Bedrohung ist Fähigkeit und Absicht
Fakt ist, Hyperschallwaffen stellen eine Bedrohung dar. Das schrecke auch Politiker weltweit auf. Es sei nur noch eine Frage der Zeit, bis die Fähigkeiten entsprechend ausgebaut sind. Jetzt gehe es darum, mit welchen Absichten Russland wie auch China diese Fähigkeiten ausbauen. „Unabhängig von den Absichten gelte es, die Luftverteidigungsarchitektur an die neue Bedrohung anzupassen. Und das sei eine große Herausforderung“. Hier war man sich rasch einig, dass dies überhaupt nur im Bündnis gehe. Die politische Implikation dieser Fähigkeit liegt auf der Hand: Hyperschallwaffen sind ein zusätzliches Instrument der Eskalation und damit auch ein sehr effektives Druckmittel. Insofern sei es auch ein „game changer“ – „das war einfach ein erheblicher technologischer Sprung“. Es bleibe nun die Frage, wie man politisch damit umgehen möchte. Mit Blick auf Rüstungskontrolle und Proliferationsprävention bliebe immer die Frage, ob die entsprechenden Staaten sich überhaupt noch darauf einlassen und welche Verifikationsmöglichkeiten man dann habe. Zudem gaben einige zu bedenken, dass die hypersonischen Fähigkeiten auch nur einen Aspekt in einem Strauß von Bedrohungen darstellen, den man nicht isoliert betrachten sollte. Eine andere Möglichkeit sei, die territoriale Flugabwehr den neuen Herausforderungen anzupassen. Das betreffe insbesondere das transatlantische Bündnis. Eine weitere Möglichkeit sei die konsequente Fortsetzung der Abschreckungspolitik. Bisher könne nur die NATO ein nukleares Schutzschild über Europa aufbauen – das wird sich mit dem Schutz vor Hyperschallwaffen nicht anders verhalten. Lösungen werden sich nur im Verbund und gemeinsam finden lassen, darin waren sich alle einig. Sorge gab es bezüglich der möglichen Folgen dieser neuen Bedrohung. Die Gefahr, dass es zu einem neuen Wettrüsten käme sei virulent.
Drei Fragen an
…den Direktor Ausbildung der Führungsakademie der Bundeswehr, Brigadegeneral Holger Neumann:
1. Was ist die größte Herausforderung der neuen Hyperschallwaffentechnologie an die Luftverteidigung?

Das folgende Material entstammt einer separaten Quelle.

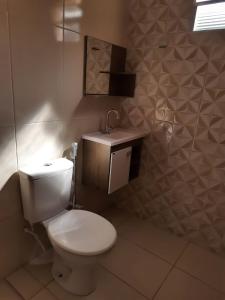 uma casa de banho com um WC branco e um lavatório. em Aluguel Temporada em Martins/RN em Martins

Die größte Herausforderung besteht in der Kombination aus der Geschwindigkeit von Hyperschallflugkörpern in der Größenordnung von mehr als Mach 10, also über 10-mal schneller als der Schall, sowie einer relativ flachen und beispielsweise im Fall von Hyperschallgleitern nicht berechenbaren Flugbahn. Dies reduziert sowohl die Reaktionszeit als auch insgesamt die Möglichkeit zur Abwehr von Hyperschallwaffen signifikant und fordert derzeitige Luftverteidigungssysteme deutlich an bzw. über ihren Leistungsgrenzen.
2. Russen, Chinesen und US-Amerikaner forschen bereits erfolgreich an Hyperschallwaffensystemen. Handelt es sich bei der Technologie um einen „game changer“ und wenn ja, warum?

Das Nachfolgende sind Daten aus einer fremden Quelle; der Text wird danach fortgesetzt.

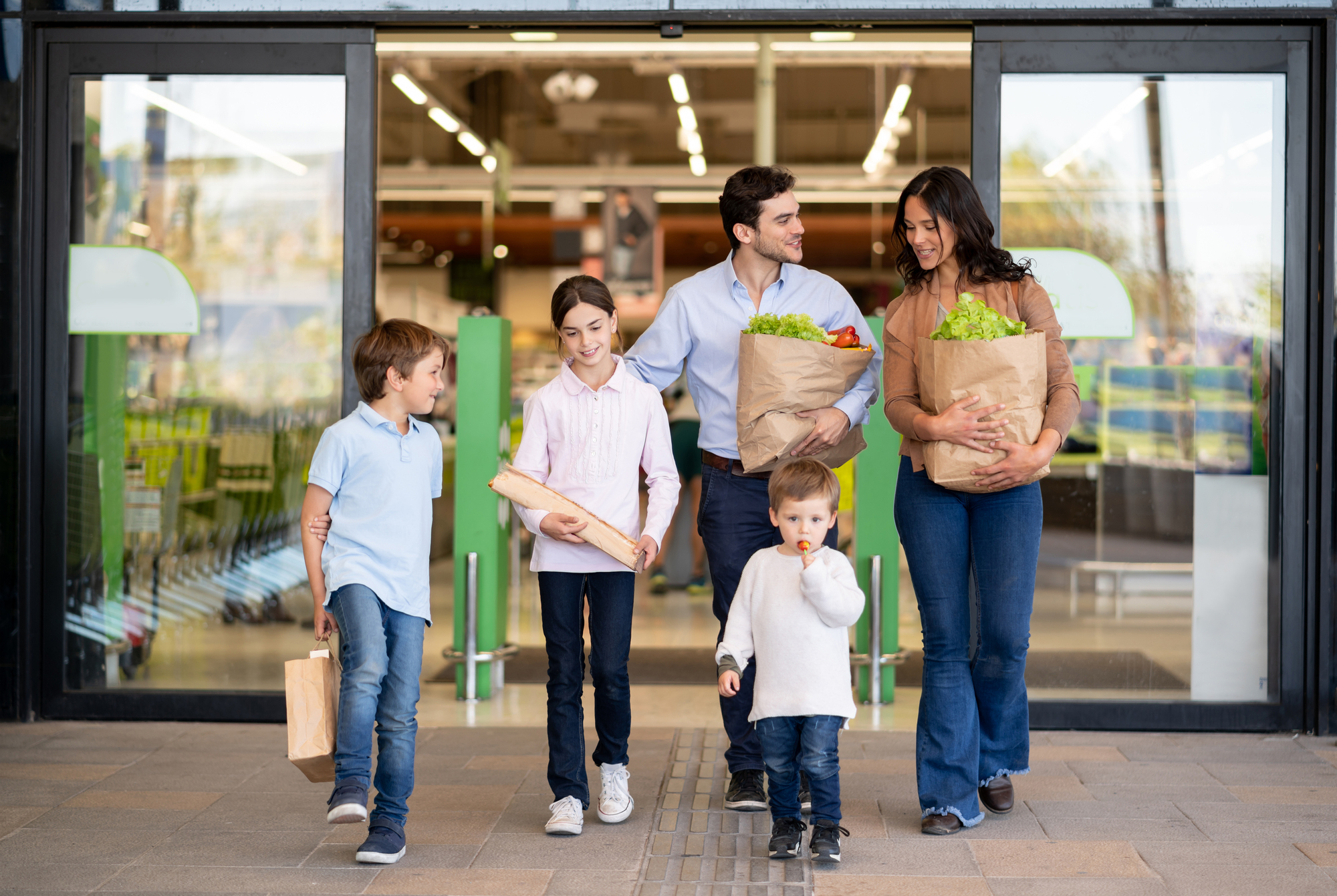 A family of two adults and three children walking out of a grocery store with paper bags of groceries and a baguette.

Die Eigenschaften von Hyperschallflugkörpern sind physikalisch absolut beeindruckend. Für eine militärische Nutzung müssen solche Waffen allerdings nicht nur schnell und schwer abzuwehren sondern auch präzise einsetzbar sein. Ist es möglich, Geschwindigkeit und Präzision zu verbinden, verfügen Hyperschallwaffen über das technologische Potenzial die bestehende globale Sicherheitsarchitektur aus der Balance zu bringen.
3. Welche Rolle könnte Künstliche Intelligenz bei einer Luftverteidigungsstrategie gegen Hyperschallwaffen spielen und warum wird man sie brauchen?
Aufgrund der erwähnten Eigenschaften und dem damit verbundenen Potenzial von Hyperschallwaffen müssen zu deren Abwehr neue Systeme und Verfahren untersucht und entwickelt werden. Dies schließt bei entsprechenden Forschungsprojekten den Einsatz von Automatisierung und Künstlicher Intelligenz zum Beispiel zur Berechnung von Abfangmöglichkeiten und -zeitpunkten mit ein.